2015-04-27

The arrogance of ignorance

Those of us alive today and in a position to be reading a blog, like this one, are, on the whole, a rather arrogant lot. Just look at what we're capable of: the best of technology, the vastness of knowledge, the widespread access to information, the high level of our standard of living, our overall rate of literacy and general level of education. We are witness to wonders only dreamt of by our forebears.

This tends to make us arrogant, you know? Who else has accomplished so much? Who else has made as many advances as us in the last, oh, just say, half-a-century? We've deposed monarchies, de-mythologized religion, discovered some of the deepest secrets of matter, send quasi-intelligent probes to distant planets. We've globalized trade, spread democracy around like fertilizer, and are literally capable -- even if not so inclined ... at the moment -- of destroying the planet. Who has ever done what we have done? No one, ever. We're the best that's been here yet, or so we like to think. Yes, arrogance is as simple as thinking you're better than someone else.
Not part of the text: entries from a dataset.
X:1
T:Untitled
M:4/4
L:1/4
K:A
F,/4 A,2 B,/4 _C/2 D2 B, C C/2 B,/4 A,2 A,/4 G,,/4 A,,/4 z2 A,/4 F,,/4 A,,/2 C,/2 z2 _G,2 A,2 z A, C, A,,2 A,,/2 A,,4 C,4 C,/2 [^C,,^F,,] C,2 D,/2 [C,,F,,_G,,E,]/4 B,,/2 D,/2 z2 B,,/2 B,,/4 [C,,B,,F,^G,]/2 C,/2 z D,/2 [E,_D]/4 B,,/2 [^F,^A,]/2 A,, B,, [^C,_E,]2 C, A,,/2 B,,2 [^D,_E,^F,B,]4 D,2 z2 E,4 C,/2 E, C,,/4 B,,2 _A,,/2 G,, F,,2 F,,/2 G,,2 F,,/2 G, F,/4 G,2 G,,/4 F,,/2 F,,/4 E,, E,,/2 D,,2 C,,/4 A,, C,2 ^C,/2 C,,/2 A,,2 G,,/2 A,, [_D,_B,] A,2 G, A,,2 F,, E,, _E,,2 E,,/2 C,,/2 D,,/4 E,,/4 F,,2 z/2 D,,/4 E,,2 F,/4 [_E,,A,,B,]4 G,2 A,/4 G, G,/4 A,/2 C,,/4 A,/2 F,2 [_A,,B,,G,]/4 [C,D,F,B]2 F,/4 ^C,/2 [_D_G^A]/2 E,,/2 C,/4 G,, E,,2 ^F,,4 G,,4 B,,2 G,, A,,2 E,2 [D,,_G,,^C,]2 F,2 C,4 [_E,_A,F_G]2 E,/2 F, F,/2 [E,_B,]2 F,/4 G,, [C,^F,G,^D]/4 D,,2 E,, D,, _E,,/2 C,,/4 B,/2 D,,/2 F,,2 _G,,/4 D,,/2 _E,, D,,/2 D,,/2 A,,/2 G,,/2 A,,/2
But, for all we can do, what do we really know? Do we really understand nature? Can we explain the phenomenon of consciousness? If we're so smart and powerful, why can't we ensure that every person on the planet has clean water and enough to eat, a roof over their heads, or that we all can live free of fear? Who knows what money really is, or how it works, or how our finance systems function, or what ideologies are and which ones we're individually and personally susceptible to? Why can't we recognize injustice when it stares us in the face? Why can't we do what is right, even if we know that to do so would perhaps reduce our own power? Who knows the difference between data, information, knowledge and wisdom? When did data become more valued and important than wisdom, in fact? Who understands the difference between a society, a culture, and political system? Who of you can even describe the difference between wave and particle theories of physics, or even know that there are different theories? Why is it that in the most informed, allegedly enlightened, knowledgeable, and supposedly advanced ages the world has ever known, we have so many who don't know the sun revolves around the sun and the sun around the center of our galaxy and our galaxy ... well, you get the idea.

There is so much we just don't know, either individually or collectively, but it doesn't stop us from looking down upon those who came before us: be it just a couple hundred years (that silly Descartes still believed in a soul) or a couple of millennium (the Ancient Greeks couldn't calculate their way out of a wet paper bag) and other than piling up rocks, what do the Ancient Egyptians have to show for themselves? Yeah, nobody has ever had their stuff together like we do, eh?

We look down on those who came before us for two primary reasons: (1) we consider them less developed, rather childlike and, OK, I'll say it, primitive, and (2) we can't begin to understand them; that is, meet them on their terms. Arrogance, you should know, is simply a form of blindness, no more and no less. If you think you know it all, what can you possibly learn from someone else? Truth be told, we're neither informed nor as smart as we like to think we are, and so we're blind to what we might be able to learn from those who came before us.

No, for the observant reader of the past few posts, it should be clear that yesterday still has a lot to tell ... if we had but the ears to hear, and the eyes to see.